JEFFERSON CITY, Mo. -- Missouri utility regulators on Thursday began considering a request from the state's largest utility to raise electric rates for more than a million customers.
AmerenUE has asked the Public Service Commission to permit the St. Louis-based utility to increase its revenues by more than $200 million from its electricity production. It's the second time in less than two years that the AmerenUE has sought a rate increase.
"We're asking for mainstream treatment," said Thomas Voss, AmerenUE president and chief executive officer. "This case is pretty simple. We asked for what we needed."
Besides a rate increase, the utility also is seeking a fuel adjustment clause that would allow it to raise consumer rates when its costs rise for the fuel it uses to produce electricity.
AmerenUE serves about 1.2 million Missouri electric consumers. It's a subsidiary of Ameren Corp., which has 2.4 million electric and 1 million natural gas customers in Missouri and Illinois.
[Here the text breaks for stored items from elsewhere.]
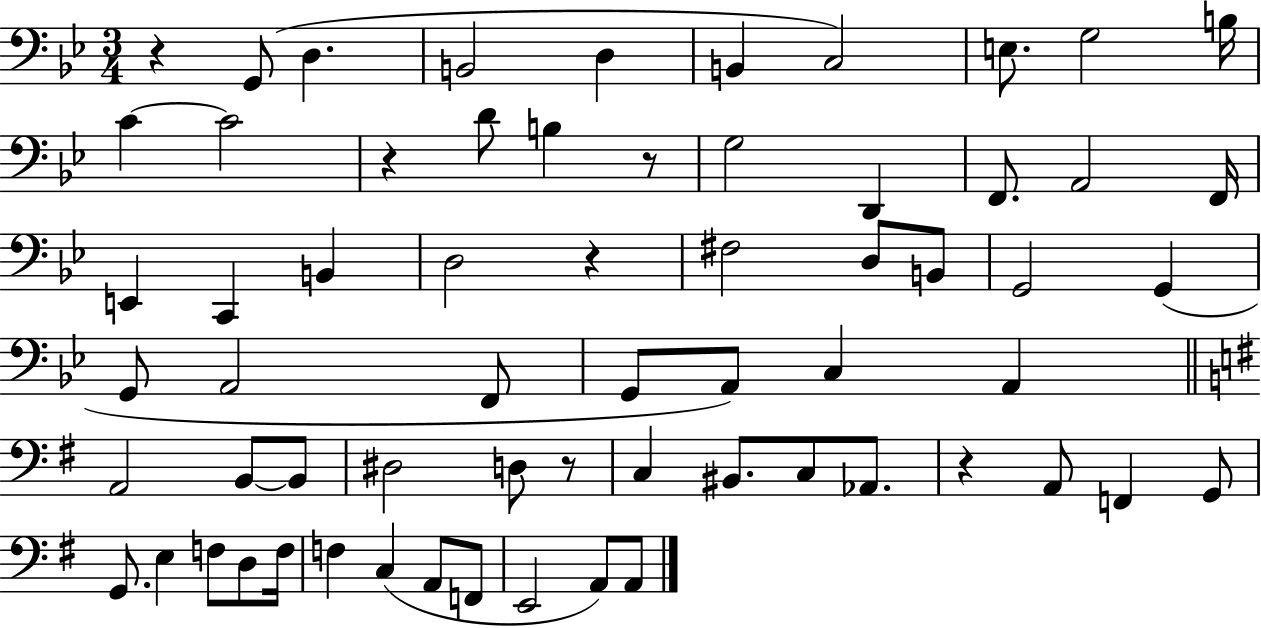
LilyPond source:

{
  \clef bass
  \numericTimeSignature
  \time 3/4
  \key bes \major
  r4 g,8( d4. | b,2 d4 | b,4 c2) | e8. g2 b16 | \break c'4~~ c'2 | r4 d'8 b4 r8 | g2 d,4 | f,8. a,2 f,16 | \break e,4 c,4 b,4 | d2 r4 | fis2 d8 b,8 | g,2 g,4( | \break g,8 a,2 f,8 | g,8 a,8) c4 a,4 | \bar "||" \break \key g \major a,2 b,8~~ b,8 | dis2 d8 r8 | c4 bis,8. c8 aes,8. | r4 a,8 f,4 g,8 | \break g,8. e4 f8 d8 f16 | f4 c4( a,8 f,8 | e,2 a,8) a,8 | \bar "|."
}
In April, AmerenUE filed a request with state regulators for a 12.1 percent rate increase generating $251 million annually. The company estimated that a typical residential customer would pay about $9 a month more.
Kevin Thompson, general counsel for the Public Service Commission, said Thursday that the regulatory board's staff recommended a rate increase that would allow AmerenUE to earn an extra $68 million. Staff members also oppose allowing Ameren to have the flexibility to raise electric rates if fuel prices increase.
"You must be all the more careful in not giving this company one penny more than it needs to operate and to earn a fair return on the value of the investment," Thompson said. "Not one penny more."
Ameren attorney Jim Lowery called the $68 million recommendation "ridiculous" and "out of the mainstream." Ameren has argued that labor and material costs have skyrocketed and the national economy has soured, making it more costly to get the credit the utility needs.
The rate increase was opposed by several intervening interest groups, including environmentalists, senior citizen advocates and industrial energy users, who called a bump in electricity costs a potential threat to the state's economy.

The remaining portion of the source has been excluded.